-- What needs to be done --
Your output should be the lines from the one that contains "Fully equipped spacious" to the end of the listing, transcribed exactly. Include nothing else.

─── Supplied material ───

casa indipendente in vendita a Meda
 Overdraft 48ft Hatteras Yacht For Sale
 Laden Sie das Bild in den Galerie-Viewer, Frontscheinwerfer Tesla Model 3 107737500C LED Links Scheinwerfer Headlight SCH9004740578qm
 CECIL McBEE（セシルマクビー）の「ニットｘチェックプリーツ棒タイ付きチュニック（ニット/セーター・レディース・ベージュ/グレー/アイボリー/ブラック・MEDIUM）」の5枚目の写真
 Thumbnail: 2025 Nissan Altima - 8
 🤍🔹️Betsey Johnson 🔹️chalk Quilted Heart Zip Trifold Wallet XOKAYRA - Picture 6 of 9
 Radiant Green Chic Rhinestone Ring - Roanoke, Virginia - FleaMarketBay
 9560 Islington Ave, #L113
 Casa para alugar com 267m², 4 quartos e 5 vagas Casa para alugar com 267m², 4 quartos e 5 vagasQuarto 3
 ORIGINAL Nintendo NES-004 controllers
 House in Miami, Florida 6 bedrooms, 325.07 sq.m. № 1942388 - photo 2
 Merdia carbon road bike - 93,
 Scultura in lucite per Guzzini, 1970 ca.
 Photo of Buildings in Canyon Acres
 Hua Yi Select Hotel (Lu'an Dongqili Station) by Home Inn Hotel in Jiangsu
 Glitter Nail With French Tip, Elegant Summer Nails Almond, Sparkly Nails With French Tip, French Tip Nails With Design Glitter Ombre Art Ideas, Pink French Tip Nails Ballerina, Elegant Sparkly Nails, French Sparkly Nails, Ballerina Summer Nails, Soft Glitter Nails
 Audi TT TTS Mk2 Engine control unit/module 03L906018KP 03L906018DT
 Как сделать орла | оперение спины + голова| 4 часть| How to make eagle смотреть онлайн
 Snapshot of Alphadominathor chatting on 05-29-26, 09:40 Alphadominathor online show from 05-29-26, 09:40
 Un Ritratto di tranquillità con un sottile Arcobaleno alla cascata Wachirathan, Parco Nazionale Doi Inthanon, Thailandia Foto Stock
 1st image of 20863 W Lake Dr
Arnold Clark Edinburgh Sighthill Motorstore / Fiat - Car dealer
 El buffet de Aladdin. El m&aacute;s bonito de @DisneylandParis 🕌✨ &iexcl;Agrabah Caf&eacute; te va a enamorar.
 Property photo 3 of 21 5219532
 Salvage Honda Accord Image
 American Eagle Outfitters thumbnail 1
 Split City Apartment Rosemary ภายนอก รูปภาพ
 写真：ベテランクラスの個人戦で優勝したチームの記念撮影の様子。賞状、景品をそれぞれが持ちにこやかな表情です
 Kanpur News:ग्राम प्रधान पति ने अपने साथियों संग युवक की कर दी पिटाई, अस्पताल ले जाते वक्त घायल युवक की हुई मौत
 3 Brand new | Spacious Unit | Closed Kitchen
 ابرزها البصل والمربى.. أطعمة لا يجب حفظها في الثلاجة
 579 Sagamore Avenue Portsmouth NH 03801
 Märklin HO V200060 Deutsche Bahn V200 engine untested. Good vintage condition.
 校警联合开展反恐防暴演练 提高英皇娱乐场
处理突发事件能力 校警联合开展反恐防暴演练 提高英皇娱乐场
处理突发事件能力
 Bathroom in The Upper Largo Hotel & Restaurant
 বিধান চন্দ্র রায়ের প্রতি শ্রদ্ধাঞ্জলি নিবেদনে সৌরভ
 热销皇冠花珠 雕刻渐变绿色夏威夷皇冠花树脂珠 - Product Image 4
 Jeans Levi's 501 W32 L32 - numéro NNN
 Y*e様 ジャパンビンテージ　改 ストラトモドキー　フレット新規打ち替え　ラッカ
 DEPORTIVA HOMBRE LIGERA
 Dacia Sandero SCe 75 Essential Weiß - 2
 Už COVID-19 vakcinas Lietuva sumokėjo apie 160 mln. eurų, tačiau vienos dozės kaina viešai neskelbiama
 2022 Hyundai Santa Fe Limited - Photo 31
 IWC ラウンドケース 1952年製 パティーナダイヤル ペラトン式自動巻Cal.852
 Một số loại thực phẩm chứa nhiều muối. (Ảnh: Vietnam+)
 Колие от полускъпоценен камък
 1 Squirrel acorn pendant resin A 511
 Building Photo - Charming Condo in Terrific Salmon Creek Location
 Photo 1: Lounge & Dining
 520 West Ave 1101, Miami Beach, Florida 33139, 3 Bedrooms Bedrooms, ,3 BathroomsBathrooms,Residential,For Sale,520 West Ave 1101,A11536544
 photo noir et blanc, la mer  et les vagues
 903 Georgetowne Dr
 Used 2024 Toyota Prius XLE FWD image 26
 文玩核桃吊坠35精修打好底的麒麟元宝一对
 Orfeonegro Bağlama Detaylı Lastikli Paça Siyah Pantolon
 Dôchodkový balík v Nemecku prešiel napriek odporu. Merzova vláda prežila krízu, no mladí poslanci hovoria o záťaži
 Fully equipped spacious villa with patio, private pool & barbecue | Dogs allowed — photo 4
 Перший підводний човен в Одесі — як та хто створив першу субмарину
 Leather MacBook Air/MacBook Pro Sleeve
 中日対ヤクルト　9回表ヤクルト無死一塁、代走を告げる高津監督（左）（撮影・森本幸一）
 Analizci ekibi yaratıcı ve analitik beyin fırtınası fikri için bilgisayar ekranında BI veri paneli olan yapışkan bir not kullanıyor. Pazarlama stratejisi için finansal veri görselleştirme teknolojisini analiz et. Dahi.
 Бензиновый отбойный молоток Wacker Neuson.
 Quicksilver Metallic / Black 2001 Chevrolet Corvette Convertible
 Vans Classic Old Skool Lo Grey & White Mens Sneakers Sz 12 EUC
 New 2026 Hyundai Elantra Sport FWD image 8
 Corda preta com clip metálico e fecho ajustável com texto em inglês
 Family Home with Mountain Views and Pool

───

-- Result for this exercise --
 Fully equipped spacious villa with patio, private pool & barbecue | Dogs allowed — photo 4
 Перший підводний човен в Одесі — як та хто створив першу субмарину
 Leather MacBook Air/MacBook Pro Sleeve
 中日対ヤクルト　9回表ヤクルト無死一塁、代走を告げる高津監督（左）（撮影・森本幸一）
 Analizci ekibi yaratıcı ve analitik beyin fırtınası fikri için bilgisayar ekranında BI veri paneli olan yapışkan bir not kullanıyor. Pazarlama stratejisi için finansal veri görselleştirme teknolojisini analiz et. Dahi.
 Бензиновый отбойный молоток Wacker Neuson.
 Quicksilver Metallic / Black 2001 Chevrolet Corvette Convertible
 Vans Classic Old Skool Lo Grey & White Mens Sneakers Sz 12 EUC
 New 2026 Hyundai Elantra Sport FWD image 8
 Corda preta com clip metálico e fecho ajustável com texto em inglês
 Family Home with Mountain Views and Pool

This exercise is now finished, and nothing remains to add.